In the United States, fatal shootings by police are both rare and constant. Tens of millions of people cross paths with police each year, and most of those encounters end without the use of force.
“The vast majority of those fatal shootings are lawful, righteous shootings,” said Daniel Oates, a former police chief in Miami Beach, Aurora, Colo., and Ann Arbor, Mich.
But, he said, “a percentage of them are bad training, bad policy, bad day by the cop, not performing at their best.” Prosecutors charged more officers for on-duty shootings in 2020 in comparison with 2019. Still, Oates said that despite the fusillade of criticism, policing has improved significantly.
“The narrative of the last year has been that ‘Oh my God, police are wildly out of control,’ ” Oates said. “That’s not true. If you tracked that [fatal shooting] data from 30, 40 years ago, I’m sure the numbers would be much, much, much, much higher. There’s been a reform movement around the use of force in American policing.”

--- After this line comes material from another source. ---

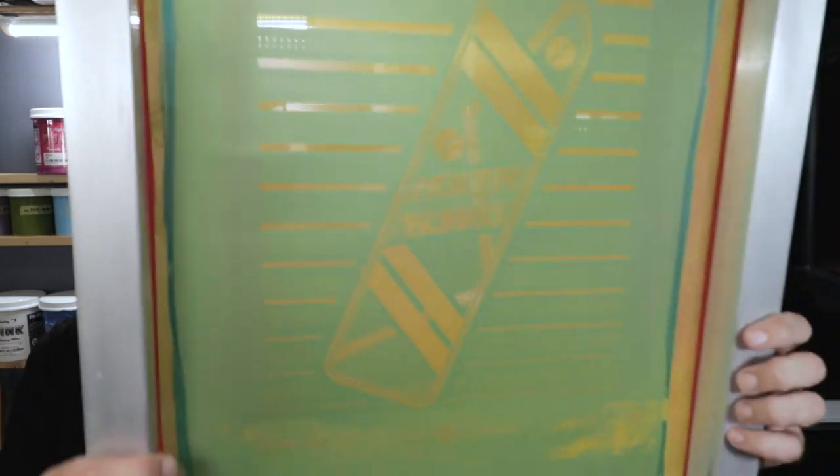And that's what we're trying today. I'm going to use this Wilflex Epic Fashion Soft Base and add it to some of my FN ink to see how it feels on a garment. The design I'm trying this on is a hoverboard design on a 230 mesh. I wouldn't recommend this for anything less than a 230 mesh — when the soft base additive is combined with the ink, it makes the ink really thin, and that wouldn't work well on a 110 or 160 mesh.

The New York City Police Department, where Oates once worked, publishes annual reports on its officers’ uses of force. In the early 1970s, officers in the country’s biggest local police force shot and killed dozens of people each year. By the 2010s, the number was in the single digits in many years.
Nationwide data, however, are incomplete. Between 1976 and 2015, the FBI’s Uniform Crime Reporting Program recorded no more than 460 fatal shootings by police in any single year. The [Washington] Post’s database, launched in 2015, has found more than double that number every year. The FBI’s long-promised new program meant to fill the gaps is voluntary — and still incomplete.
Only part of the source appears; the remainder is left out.